What are we looking at? The grooved area or the small broken chunk? A sideish view would be easier


----------



## nealb (May 9, 2015)

This is a square we cut out of the subfloor. you can see the plywood (subfloor) on the sides of the zoomed out picture. The other picture is just a zoomed in view of the top left hand corner. We removed a layer of linoleum. Under was the plywood subfloor, next a layer of particle board, finally this underlayment next to the original hardwood floors. I can post a side view after I stop over this morning. 

Thanks.


----------



## nealb (May 9, 2015)

Also, the underlayment is just one sheet... the grooved area on top is part of the same piece that you see on the torn edge.


----------



## nealb (May 9, 2015)

*Identifying Flooring Underlayment*

We are working on a 1910 home and while removing the kitchen subfloor found this (attached image) underlayment. Does anyone know exactly what this material is? The pictures are of a square we cut out of the subfloor. You can see the plywood (subfloor) on the sides of the zoomed out picture. The other picture is just a zoomed in view of the top left hand corner. We removed a layer of linoleum. Under, was the plywood subfloor, next a layer of particle board, finally this underlayment next to the original hardwood floors. The underlayment is just one sheet... the grooved area on top is part of the same piece that you see on the torn edge.

Thanks,
Neal


----------



## rusty baker (Jun 14, 2008)

Celotex?


----------



## ccoffer (Jan 30, 2005)

It used to be linoleum. Now it's a fossil fuel. Pretty cool time capsule. That stuff was pretty much all vegetable material before the advent of mass petroleum production.


----------



## CarpenterSFO (Dec 12, 2012)

ccoffer said:


> It used to be linoleum. Now it's a fossil fuel. Pretty cool time capsule. That stuff was pretty much all vegetable material before the advent of mass petroleum production.

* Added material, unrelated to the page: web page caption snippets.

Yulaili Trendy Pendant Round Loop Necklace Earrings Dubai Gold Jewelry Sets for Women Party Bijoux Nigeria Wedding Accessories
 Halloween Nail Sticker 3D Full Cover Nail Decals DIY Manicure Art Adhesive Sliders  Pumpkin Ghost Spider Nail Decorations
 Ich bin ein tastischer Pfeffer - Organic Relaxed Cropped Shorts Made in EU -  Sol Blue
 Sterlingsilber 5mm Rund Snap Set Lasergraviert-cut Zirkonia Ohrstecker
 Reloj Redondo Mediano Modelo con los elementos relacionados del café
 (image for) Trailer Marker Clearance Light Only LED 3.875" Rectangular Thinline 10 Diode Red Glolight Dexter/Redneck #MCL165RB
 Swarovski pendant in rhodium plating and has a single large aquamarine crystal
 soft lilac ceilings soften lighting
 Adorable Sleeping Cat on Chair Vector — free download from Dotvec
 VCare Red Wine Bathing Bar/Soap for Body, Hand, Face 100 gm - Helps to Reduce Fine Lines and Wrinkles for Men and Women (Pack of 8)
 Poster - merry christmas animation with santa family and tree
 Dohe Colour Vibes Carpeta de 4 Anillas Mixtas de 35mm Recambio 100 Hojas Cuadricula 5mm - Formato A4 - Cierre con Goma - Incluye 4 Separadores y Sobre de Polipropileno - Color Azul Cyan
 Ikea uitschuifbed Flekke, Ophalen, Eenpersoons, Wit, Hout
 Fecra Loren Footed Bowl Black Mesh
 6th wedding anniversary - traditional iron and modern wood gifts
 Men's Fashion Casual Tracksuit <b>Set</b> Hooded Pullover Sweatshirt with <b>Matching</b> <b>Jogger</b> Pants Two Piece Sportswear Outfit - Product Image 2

I agree, it just looks like old linoleum to me - burlap and sawdust soaked in linseed oil and run under some hot rollers.


----------



## CO762 (Feb 22, 2010)

CarpenterSFO said:


> old linoleum to me - burlap and sawdust soaked in linseed oil and run under some hot rollers.


Wow, that's how they made it? Times certainly were tuffer back in the good ol days.


----------